A familiar slogan during the Cold War was “Peace through Strength.” Today in Ukraine, as Russia continues its unwarranted aggression, we’re declaring a new refrain: “Peace through Agriculture.”
We have an incredible partner in Heidi Kuhn, an anti-landmine activist who was announced last week as the 2023 recipient of the World Food Prize. She’s the founder and CEO of Roots for Peace, a nonprofit group that for more than 25 years has sought to turn minefields into farmland.
As brave Ukrainians struggle to push an invading army out of our country, farmers like me are trying to grow the food that our nation and the world needs. For too many, the fields they work are polluted with landmines—and as you can see from the pictures above this article, my fellow farmers have come up with some clever solutions.
Yet the problem is huge, and we need help. Thankfully, we are not alone. We have the sympathy of people around the world as they support our broad efforts to defend our nation from would-be conquerors. Many of them understand and appreciate the particular work of farmers who try to plant, grow, and harvest in a war zone.
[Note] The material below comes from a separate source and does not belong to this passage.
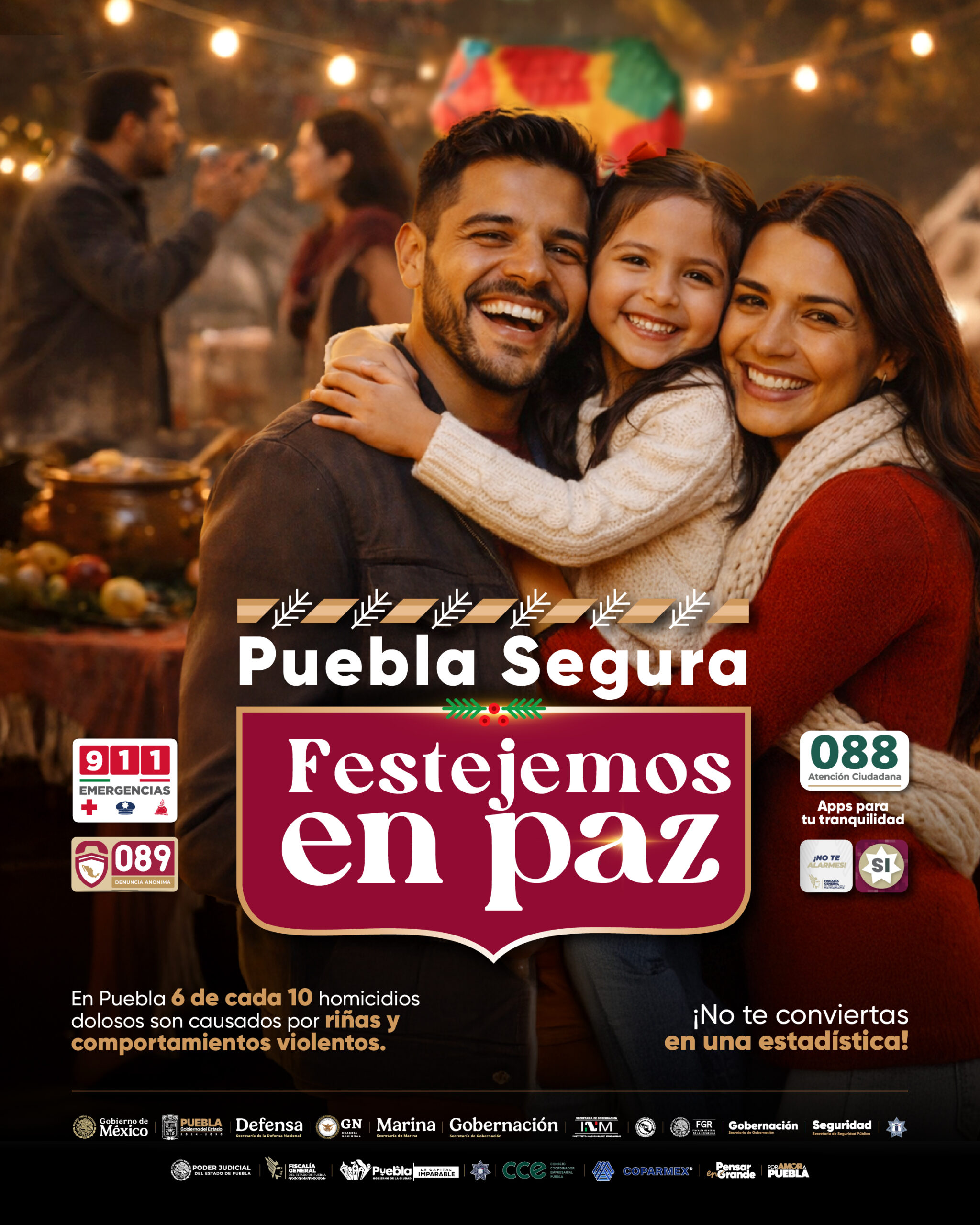 Autoridades convocan a celebrar fin de año en paz y con responsabilidad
Kuhn sees the whole picture, and last year she responded to the plight of Ukraine by collaborating with the Rotary E-Club of Ukraine and starting to raise money for a project to remove landmines from the winemaking region of Mykolaiv, near the Black Sea.
“May we turn mines to vines and replace the scourge of landmines with bountiful vineyards in Ukraine,” said Kuhn when she launched the project in December. “This is a call to action.”
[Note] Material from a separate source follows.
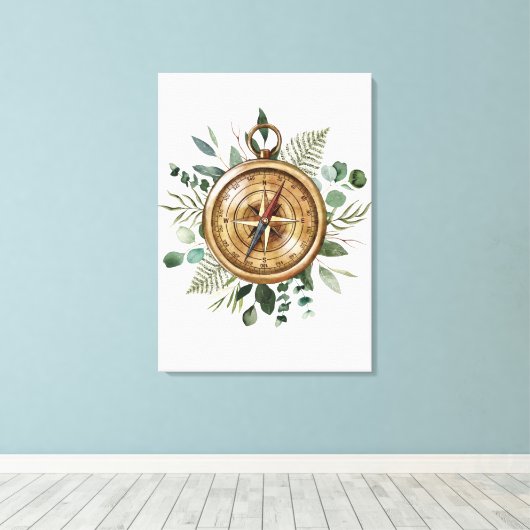 Waterverf Foliage Compass Canvas Afdruk (Insitu (Houten vloer))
In an interview with Food & Wine magazine, she called it “getting ready to do battle for peace.”
This new cause rests on a quarter-century legacy of practicing “Peace through Agriculture.” Kuhn started her group in the basement of her home in California, in response to the wars surrounding the breakup of Yugoslavia in the 1990s. In Croatia, she helped remove landmines from 500,000 square meters of land.
She also came to understand the vast dimensions of a global menace. Today, more than 50 countries suffer from the contamination of landmines. These remnants of war kill or injure more than 5,000 people per year, half of them innocent children who often have merely wandered into fields.
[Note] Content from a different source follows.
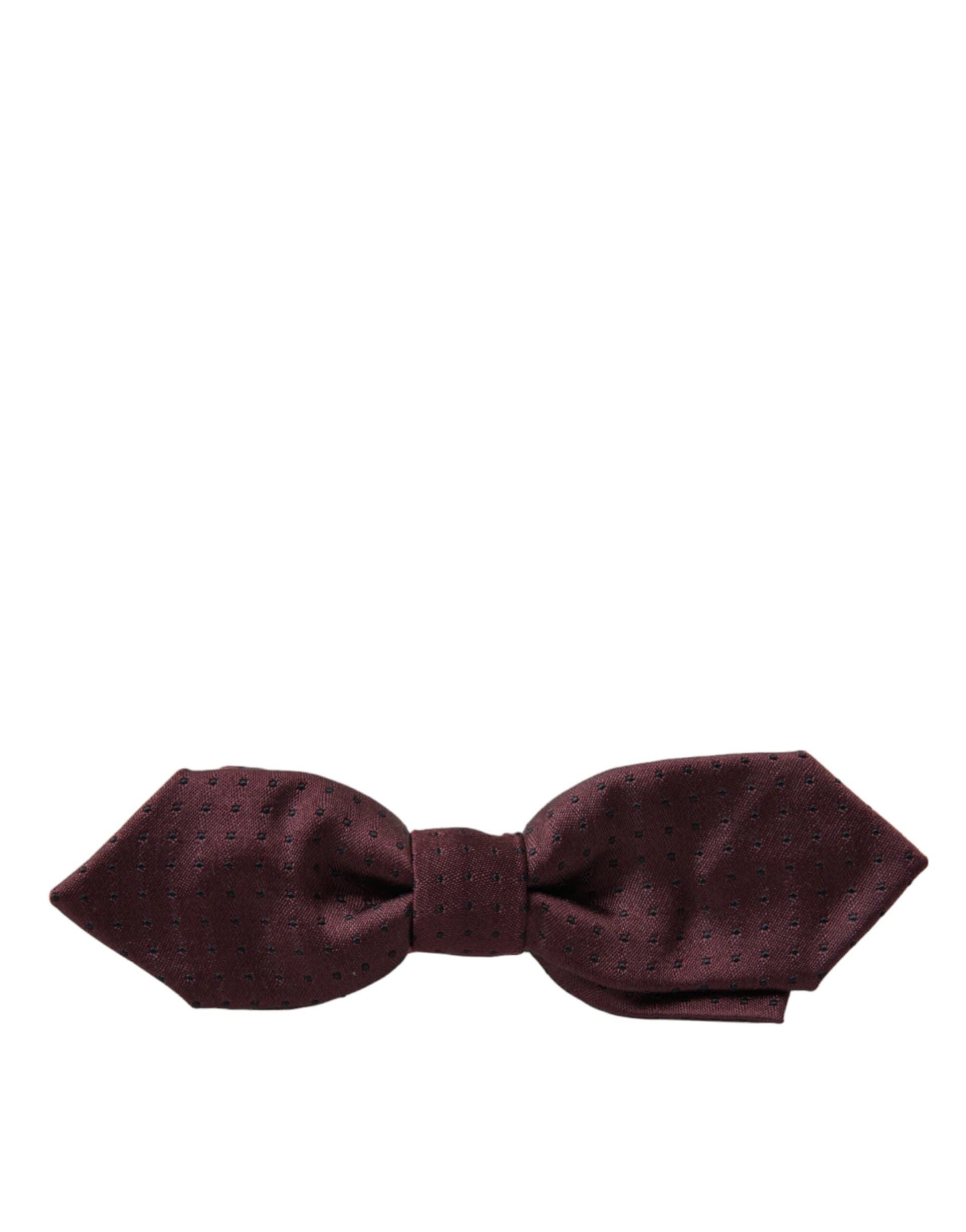 Red Bordeaux Silk Slim Adjustable Neck Papillon Bow Tie - 3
The murderous devices also have wrought economic devastation, taking untold acres of land out of productive use. Nobody knows how many unexploded mines are out there, but one estimate claims that as many as 100 million of them could lay hidden, ready to deal death.
Mines are so numerous because they are cheap to make and expensive to remove—about $3 to produce and $1,000 to eliminate safely.
Farmers have been essential in the effort to restore these blighted lands to productivity. My colleague in the Global Farmer Network, Motlatsi Musi of South Africa, once described what it’s like to drive a tractor through a minefield.
Yet farmers can’t do it alone. We need help from people like Kuhn. “Roots for Peace serves no flag; we serve the farmer,” she has said.
Her group has worked longest and hardest in Afghanistan, and claims that its various programs have created 20,000 jobs and generated nearly $500 million in export revenue. Roots for Peace also has stories from Angola, Guatemala, and Vietnam. On the day when the news broke that Kuhn would receive the World Food Prize, she was in Azerbaijan, helping to detonate six anti-tank mines in former vineyards.
“The blast of the landmine was an act of peace,” she wrote in an email to a friend.
Kuhn will formally receive the World Food Prize this fall in Iowa, along with its purse of $250,000. Kuhn said that “she plans to use the award’s cash prize, often referred to as the Nobel Prize of agriculture, to challenge Google, Facebook, and other Silicon Valley tech leaders to donate to remove mines in embattled Ukraine.”
As she is recognized for this important work, I and my fellow farmers in Ukraine hope to be harvesting wheat in a war-torn land and ready to welcome whatever help she can provide in her mission to deliver “Peace through Agriculture.”